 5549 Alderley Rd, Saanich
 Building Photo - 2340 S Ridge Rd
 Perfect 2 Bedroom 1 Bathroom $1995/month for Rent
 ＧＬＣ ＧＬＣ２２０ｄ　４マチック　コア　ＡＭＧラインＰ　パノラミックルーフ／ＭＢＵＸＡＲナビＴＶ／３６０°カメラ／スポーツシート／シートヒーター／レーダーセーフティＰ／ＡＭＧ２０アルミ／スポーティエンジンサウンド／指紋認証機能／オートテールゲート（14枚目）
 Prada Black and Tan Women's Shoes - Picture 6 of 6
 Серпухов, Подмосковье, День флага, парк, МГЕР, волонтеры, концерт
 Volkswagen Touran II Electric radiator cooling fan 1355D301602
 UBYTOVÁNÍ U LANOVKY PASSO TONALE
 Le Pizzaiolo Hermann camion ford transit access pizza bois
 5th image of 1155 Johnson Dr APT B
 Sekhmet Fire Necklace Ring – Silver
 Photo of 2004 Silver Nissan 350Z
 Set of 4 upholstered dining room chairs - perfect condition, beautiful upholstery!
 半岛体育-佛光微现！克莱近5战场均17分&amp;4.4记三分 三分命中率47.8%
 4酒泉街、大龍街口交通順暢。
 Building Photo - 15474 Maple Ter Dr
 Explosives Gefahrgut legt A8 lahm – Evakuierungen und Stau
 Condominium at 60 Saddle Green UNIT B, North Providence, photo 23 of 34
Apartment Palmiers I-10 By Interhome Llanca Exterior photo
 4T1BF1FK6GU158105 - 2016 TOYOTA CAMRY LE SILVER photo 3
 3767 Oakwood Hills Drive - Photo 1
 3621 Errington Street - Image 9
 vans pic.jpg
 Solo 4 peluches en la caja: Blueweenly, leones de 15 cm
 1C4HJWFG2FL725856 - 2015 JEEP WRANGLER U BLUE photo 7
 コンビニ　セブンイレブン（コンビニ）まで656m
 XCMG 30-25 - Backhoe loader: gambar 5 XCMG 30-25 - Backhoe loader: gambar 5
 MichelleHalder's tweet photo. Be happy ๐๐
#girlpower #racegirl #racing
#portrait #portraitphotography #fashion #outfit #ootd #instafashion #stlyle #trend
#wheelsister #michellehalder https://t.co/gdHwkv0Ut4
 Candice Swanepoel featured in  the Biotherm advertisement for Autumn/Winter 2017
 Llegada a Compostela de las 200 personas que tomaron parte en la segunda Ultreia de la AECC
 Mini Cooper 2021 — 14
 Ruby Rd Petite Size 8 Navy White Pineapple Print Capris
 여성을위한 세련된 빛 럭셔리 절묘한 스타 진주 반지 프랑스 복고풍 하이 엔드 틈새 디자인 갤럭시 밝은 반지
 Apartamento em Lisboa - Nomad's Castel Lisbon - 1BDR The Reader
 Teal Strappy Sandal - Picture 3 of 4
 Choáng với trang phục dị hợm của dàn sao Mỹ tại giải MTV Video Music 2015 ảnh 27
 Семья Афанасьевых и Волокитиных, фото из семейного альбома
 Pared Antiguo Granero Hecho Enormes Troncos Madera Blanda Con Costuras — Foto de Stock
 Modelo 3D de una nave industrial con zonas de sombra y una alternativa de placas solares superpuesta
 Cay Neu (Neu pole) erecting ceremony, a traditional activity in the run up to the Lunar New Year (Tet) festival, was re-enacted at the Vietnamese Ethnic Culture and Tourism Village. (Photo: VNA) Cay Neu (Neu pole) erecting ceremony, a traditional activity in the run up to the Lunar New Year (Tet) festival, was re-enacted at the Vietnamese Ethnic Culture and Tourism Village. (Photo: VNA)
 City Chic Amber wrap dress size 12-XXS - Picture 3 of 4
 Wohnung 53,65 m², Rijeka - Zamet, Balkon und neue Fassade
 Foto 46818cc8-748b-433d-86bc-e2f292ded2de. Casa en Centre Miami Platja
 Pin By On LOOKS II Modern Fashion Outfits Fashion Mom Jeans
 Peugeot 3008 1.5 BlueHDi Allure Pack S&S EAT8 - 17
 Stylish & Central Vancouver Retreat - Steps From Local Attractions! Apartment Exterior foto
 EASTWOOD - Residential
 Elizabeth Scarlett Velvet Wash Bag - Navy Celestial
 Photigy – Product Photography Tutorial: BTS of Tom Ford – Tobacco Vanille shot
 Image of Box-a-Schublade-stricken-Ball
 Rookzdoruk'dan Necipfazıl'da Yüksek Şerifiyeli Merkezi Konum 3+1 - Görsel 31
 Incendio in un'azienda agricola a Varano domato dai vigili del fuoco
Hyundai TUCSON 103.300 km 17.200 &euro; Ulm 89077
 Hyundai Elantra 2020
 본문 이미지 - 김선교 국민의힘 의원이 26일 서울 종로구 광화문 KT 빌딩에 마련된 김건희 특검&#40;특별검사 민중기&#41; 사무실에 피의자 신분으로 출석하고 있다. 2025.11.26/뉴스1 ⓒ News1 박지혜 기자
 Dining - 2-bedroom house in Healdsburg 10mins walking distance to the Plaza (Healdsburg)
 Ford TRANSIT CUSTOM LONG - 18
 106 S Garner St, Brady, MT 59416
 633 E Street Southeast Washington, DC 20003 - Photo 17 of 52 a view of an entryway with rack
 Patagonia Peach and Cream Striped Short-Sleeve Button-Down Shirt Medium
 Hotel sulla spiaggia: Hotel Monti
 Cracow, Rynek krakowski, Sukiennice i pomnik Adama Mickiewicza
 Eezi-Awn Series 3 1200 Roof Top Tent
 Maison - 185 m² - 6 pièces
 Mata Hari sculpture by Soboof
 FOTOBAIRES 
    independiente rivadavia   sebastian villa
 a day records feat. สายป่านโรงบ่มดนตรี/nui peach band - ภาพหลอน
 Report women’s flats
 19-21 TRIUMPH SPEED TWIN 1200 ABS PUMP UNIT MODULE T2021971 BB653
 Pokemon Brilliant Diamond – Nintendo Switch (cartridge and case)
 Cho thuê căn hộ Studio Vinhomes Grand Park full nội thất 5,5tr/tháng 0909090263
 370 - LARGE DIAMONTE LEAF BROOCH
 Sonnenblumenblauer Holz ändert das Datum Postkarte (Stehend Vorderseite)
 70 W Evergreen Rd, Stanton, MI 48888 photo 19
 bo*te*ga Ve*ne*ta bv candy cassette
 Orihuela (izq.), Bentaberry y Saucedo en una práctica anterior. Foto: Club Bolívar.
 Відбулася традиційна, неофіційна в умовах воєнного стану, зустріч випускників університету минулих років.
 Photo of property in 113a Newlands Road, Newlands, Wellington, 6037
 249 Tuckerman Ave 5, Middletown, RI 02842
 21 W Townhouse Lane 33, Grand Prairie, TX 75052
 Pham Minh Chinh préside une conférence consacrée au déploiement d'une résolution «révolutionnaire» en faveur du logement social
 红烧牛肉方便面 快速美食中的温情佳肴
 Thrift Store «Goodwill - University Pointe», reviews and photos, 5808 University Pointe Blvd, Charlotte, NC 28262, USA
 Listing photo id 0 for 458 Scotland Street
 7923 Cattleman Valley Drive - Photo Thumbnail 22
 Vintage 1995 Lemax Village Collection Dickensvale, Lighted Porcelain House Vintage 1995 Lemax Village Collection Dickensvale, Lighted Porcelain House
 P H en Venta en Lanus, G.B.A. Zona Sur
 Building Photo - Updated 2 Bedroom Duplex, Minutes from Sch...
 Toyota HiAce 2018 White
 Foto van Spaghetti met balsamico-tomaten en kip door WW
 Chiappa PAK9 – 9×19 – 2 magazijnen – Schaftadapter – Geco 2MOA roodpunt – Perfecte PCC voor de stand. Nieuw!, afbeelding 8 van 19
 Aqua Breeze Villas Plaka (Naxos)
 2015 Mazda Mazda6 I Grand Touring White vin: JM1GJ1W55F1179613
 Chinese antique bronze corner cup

**What the exercise asks**
Reproduce all entries. Keep them exact.

**Written answer**
 5549 Alderley Rd, Saanich
 Building Photo - 2340 S Ridge Rd
 Perfect 2 Bedroom 1 Bathroom $1995/month for Rent
 ＧＬＣ ＧＬＣ２２０ｄ　４マチック　コア　ＡＭＧラインＰ　パノラミックルーフ／ＭＢＵＸＡＲナビＴＶ／３６０°カメラ／スポーツシート／シートヒーター／レーダーセーフティＰ／ＡＭＧ２０アルミ／スポーティエンジンサウンド／指紋認証機能／オートテールゲート（14枚目）
 Prada Black and Tan Women's Shoes - Picture 6 of 6
 Серпухов, Подмосковье, День флага, парк, МГЕР, волонтеры, концерт
 Volkswagen Touran II Electric radiator cooling fan 1355D301602
 UBYTOVÁNÍ U LANOVKY PASSO TONALE
 Le Pizzaiolo Hermann camion ford transit access pizza bois
 5th image of 1155 Johnson Dr APT B
 Sekhmet Fire Necklace Ring – Silver
 Photo of 2004 Silver Nissan 350Z
 Set of 4 upholstered dining room chairs - perfect condition, beautiful upholstery!
 半岛体育-佛光微现！克莱近5战场均17分&amp;4.4记三分 三分命中率47.8%
 4酒泉街、大龍街口交通順暢。
 Building Photo - 15474 Maple Ter Dr
 Explosives Gefahrgut legt A8 lahm – Evakuierungen und Stau
 Condominium at 60 Saddle Green UNIT B, North Providence, photo 23 of 34
Apartment Palmiers I-10 By Interhome Llanca Exterior photo
 4T1BF1FK6GU158105 - 2016 TOYOTA CAMRY LE SILVER photo 3
 3767 Oakwood Hills Drive - Photo 1
 3621 Errington Street - Image 9
 vans pic.jpg
 Solo 4 peluches en la caja: Blueweenly, leones de 15 cm
 1C4HJWFG2FL725856 - 2015 JEEP WRANGLER U BLUE photo 7
 コンビニ　セブンイレブン（コンビニ）まで656m
 XCMG 30-25 - Backhoe loader: gambar 5 XCMG 30-25 - Backhoe loader: gambar 5
 MichelleHalder's tweet photo. Be happy ๐๐
#girlpower #racegirl #racing
#portrait #portraitphotography #fashion #outfit #ootd #instafashion #stlyle #trend
#wheelsister #michellehalder https://t.co/gdHwkv0Ut4
 Candice Swanepoel featured in  the Biotherm advertisement for Autumn/Winter 2017
 Llegada a Compostela de las 200 personas que tomaron parte en la segunda Ultreia de la AECC
 Mini Cooper 2021 — 14
 Ruby Rd Petite Size 8 Navy White Pineapple Print Capris
 여성을위한 세련된 빛 럭셔리 절묘한 스타 진주 반지 프랑스 복고풍 하이 엔드 틈새 디자인 갤럭시 밝은 반지
 Apartamento em Lisboa - Nomad's Castel Lisbon - 1BDR The Reader
 Teal Strappy Sandal - Picture 3 of 4
 Choáng với trang phục dị hợm của dàn sao Mỹ tại giải MTV Video Music 2015 ảnh 27
 Семья Афанасьевых и Волокитиных, фото из семейного альбома
 Pared Antiguo Granero Hecho Enormes Troncos Madera Blanda Con Costuras — Foto de Stock
 Modelo 3D de una nave industrial con zonas de sombra y una alternativa de placas solares superpuesta
 Cay Neu (Neu pole) erecting ceremony, a traditional activity in the run up to the Lunar New Year (Tet) festival, was re-enacted at the Vietnamese Ethnic Culture and Tourism Village. (Photo: VNA) Cay Neu (Neu pole) erecting ceremony, a traditional activity in the run up to the Lunar New Year (Tet) festival, was re-enacted at the Vietnamese Ethnic Culture and Tourism Village. (Photo: VNA)
 City Chic Amber wrap dress size 12-XXS - Picture 3 of 4
 Wohnung 53,65 m², Rijeka - Zamet, Balkon und neue Fassade
 Foto 46818cc8-748b-433d-86bc-e2f292ded2de. Casa en Centre Miami Platja
 Pin By On LOOKS II Modern Fashion Outfits Fashion Mom Jeans
 Peugeot 3008 1.5 BlueHDi Allure Pack S&S EAT8 - 17
 Stylish & Central Vancouver Retreat - Steps From Local Attractions! Apartment Exterior foto
 EASTWOOD - Residential
 Elizabeth Scarlett Velvet Wash Bag - Navy Celestial
 Photigy – Product Photography Tutorial: BTS of Tom Ford – Tobacco Vanille shot
 Image of Box-a-Schublade-stricken-Ball
 Rookzdoruk'dan Necipfazıl'da Yüksek Şerifiyeli Merkezi Konum 3+1 - Görsel 31
 Incendio in un'azienda agricola a Varano domato dai vigili del fuoco
Hyundai TUCSON 103.300 km 17.200 &euro; Ulm 89077
 Hyundai Elantra 2020
 본문 이미지 - 김선교 국민의힘 의원이 26일 서울 종로구 광화문 KT 빌딩에 마련된 김건희 특검&#40;특별검사 민중기&#41; 사무실에 피의자 신분으로 출석하고 있다. 2025.11.26/뉴스1 ⓒ News1 박지혜 기자
 Dining - 2-bedroom house in Healdsburg 10mins walking distance to the Plaza (Healdsburg)
 Ford TRANSIT CUSTOM LONG - 18
 106 S Garner St, Brady, MT 59416
 633 E Street Southeast Washington, DC 20003 - Photo 17 of 52 a view of an entryway with rack
 Patagonia Peach and Cream Striped Short-Sleeve Button-Down Shirt Medium
 Hotel sulla spiaggia: Hotel Monti
 Cracow, Rynek krakowski, Sukiennice i pomnik Adama Mickiewicza
 Eezi-Awn Series 3 1200 Roof Top Tent
 Maison - 185 m² - 6 pièces
 Mata Hari sculpture by Soboof
 FOTOBAIRES 
    independiente rivadavia   sebastian villa
 a day records feat. สายป่านโรงบ่มดนตรี/nui peach band - ภาพหลอน
 Report women’s flats
 19-21 TRIUMPH SPEED TWIN 1200 ABS PUMP UNIT MODULE T2021971 BB653
 Pokemon Brilliant Diamond – Nintendo Switch (cartridge and case)
 Cho thuê căn hộ Studio Vinhomes Grand Park full nội thất 5,5tr/tháng 0909090263
 370 - LARGE DIAMONTE LEAF BROOCH
 Sonnenblumenblauer Holz ändert das Datum Postkarte (Stehend Vorderseite)
 70 W Evergreen Rd, Stanton, MI 48888 photo 19
 bo*te*ga Ve*ne*ta bv candy cassette
 Orihuela (izq.), Bentaberry y Saucedo en una práctica anterior. Foto: Club Bolívar.
 Відбулася традиційна, неофіційна в умовах воєнного стану, зустріч випускників університету минулих років.
 Photo of property in 113a Newlands Road, Newlands, Wellington, 6037
 249 Tuckerman Ave 5, Middletown, RI 02842
 21 W Townhouse Lane 33, Grand Prairie, TX 75052
 Pham Minh Chinh préside une conférence consacrée au déploiement d'une résolution «révolutionnaire» en faveur du logement social
 红烧牛肉方便面 快速美食中的温情佳肴
 Thrift Store «Goodwill - University Pointe», reviews and photos, 5808 University Pointe Blvd, Charlotte, NC 28262, USA
 Listing photo id 0 for 458 Scotland Street
 7923 Cattleman Valley Drive - Photo Thumbnail 22
 Vintage 1995 Lemax Village Collection Dickensvale, Lighted Porcelain House Vintage 1995 Lemax Village Collection Dickensvale, Lighted Porcelain House
 P H en Venta en Lanus, G.B.A. Zona Sur
 Building Photo - Updated 2 Bedroom Duplex, Minutes from Sch...
 Toyota HiAce 2018 White
 Foto van Spaghetti met balsamico-tomaten en kip door WW
 Chiappa PAK9 – 9×19 – 2 magazijnen – Schaftadapter – Geco 2MOA roodpunt – Perfecte PCC voor de stand. Nieuw!, afbeelding 8 van 19
 Aqua Breeze Villas Plaka (Naxos)
 2015 Mazda Mazda6 I Grand Touring White vin: JM1GJ1W55F1179613
 Chinese antique bronze corner cup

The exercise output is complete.